— Brief —
For this exercise, retype the lines from the one that holds "19th Century Large" through the one that holds "Mesh Shorts (Pink/Checkered)" in the records below, both included, exactly and without pictures.

— Information supplied —
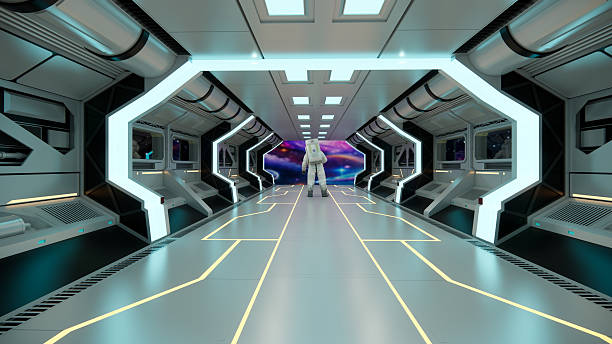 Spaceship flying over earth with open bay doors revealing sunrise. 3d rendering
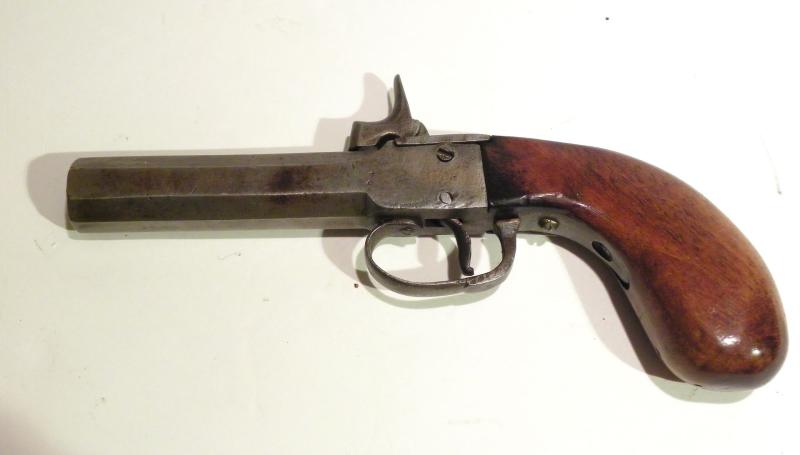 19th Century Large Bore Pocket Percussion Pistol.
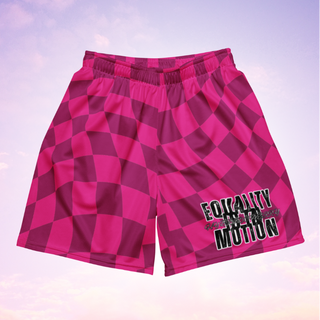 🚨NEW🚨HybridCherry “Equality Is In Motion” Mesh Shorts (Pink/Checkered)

* * *

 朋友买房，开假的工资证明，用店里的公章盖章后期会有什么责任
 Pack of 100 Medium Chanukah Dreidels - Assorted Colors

---

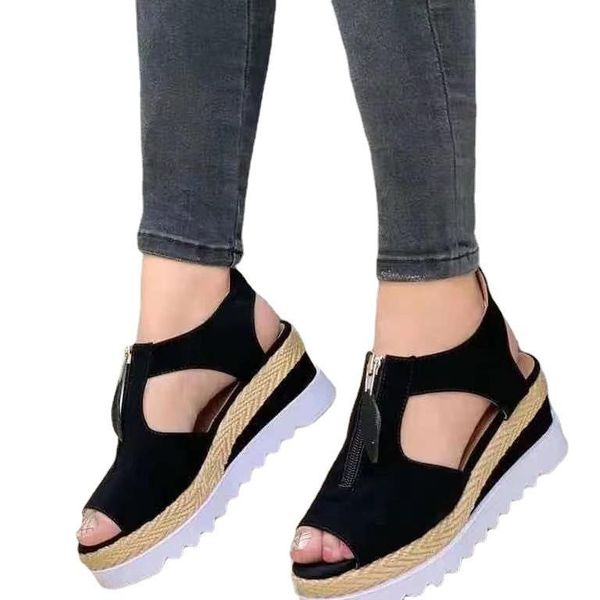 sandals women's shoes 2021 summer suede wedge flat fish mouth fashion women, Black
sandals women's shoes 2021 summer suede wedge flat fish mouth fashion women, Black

— Result of this task —
 19th Century Large Bore Pocket Percussion Pistol.
 🚨NEW🚨HybridCherry “Equality Is In Motion” Mesh Shorts (Pink/Checkered)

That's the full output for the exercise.